- TASK DETAILS:
Your answer must be the exact lines from the one with "1st image of 2405 Crumpton Dr" to the end of the data, both included, with no pictures.

- SUPPLIED DATA:
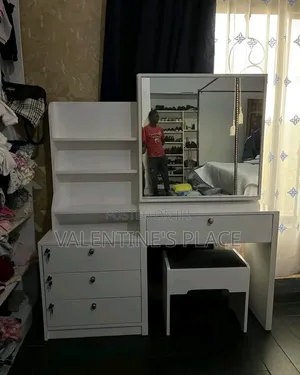 Makeup Table / Makeup Vanity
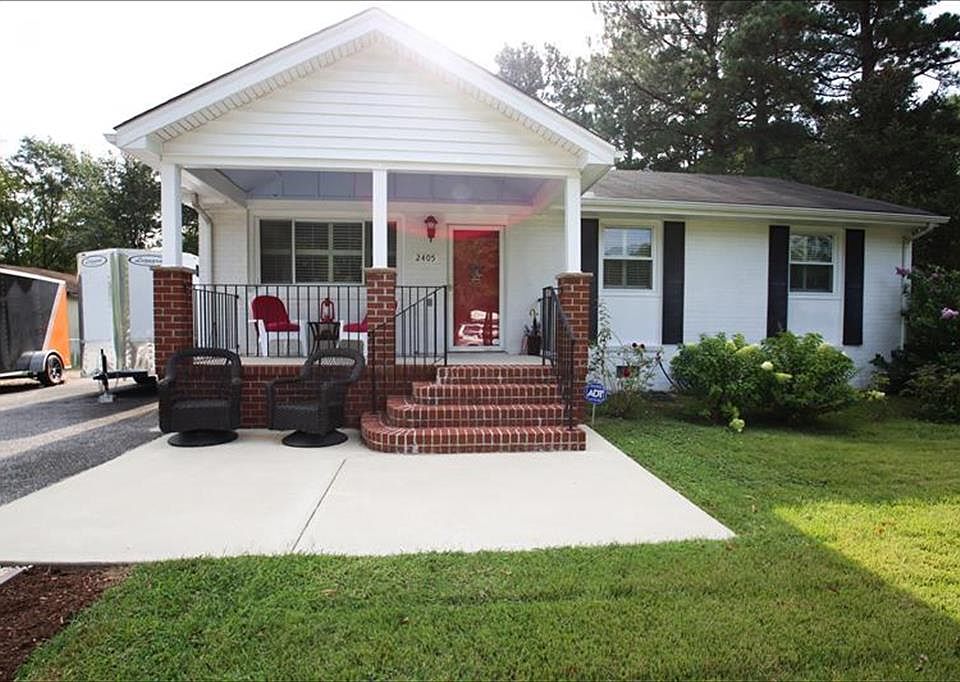 1st image of 2405 Crumpton Dr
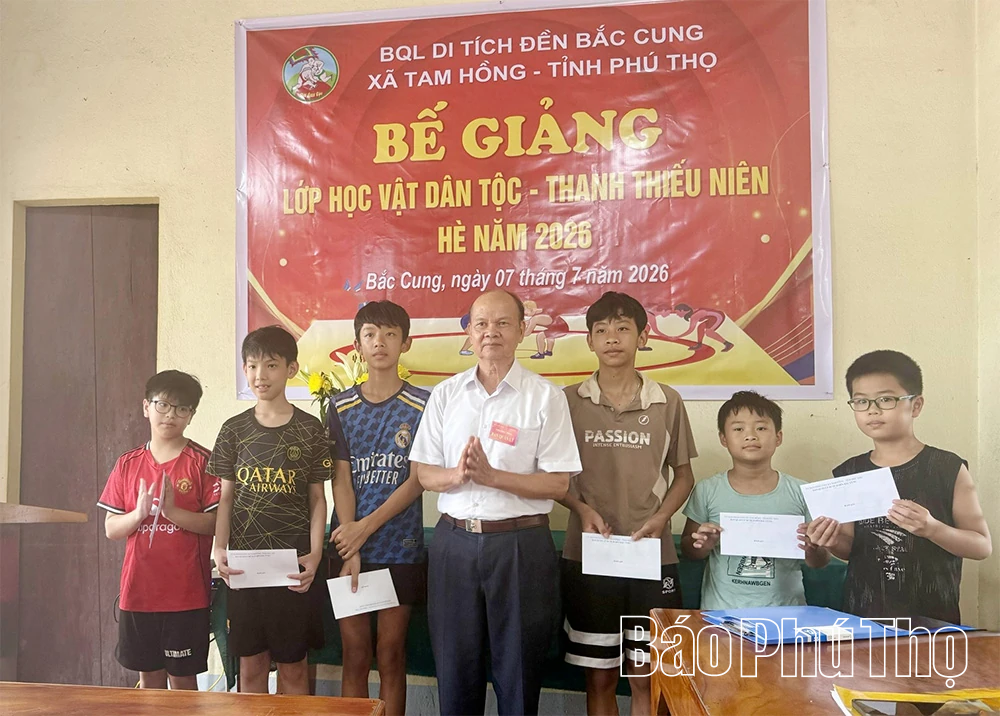 Bế giảng lớp học vật dân tộc dành cho thanh thiếu niên hè năm 2026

- SOLUTION TO THIS PROBLEM:
 1st image of 2405 Crumpton Dr
 Bế giảng lớp học vật dân tộc dành cho thanh thiếu niên hè năm 2026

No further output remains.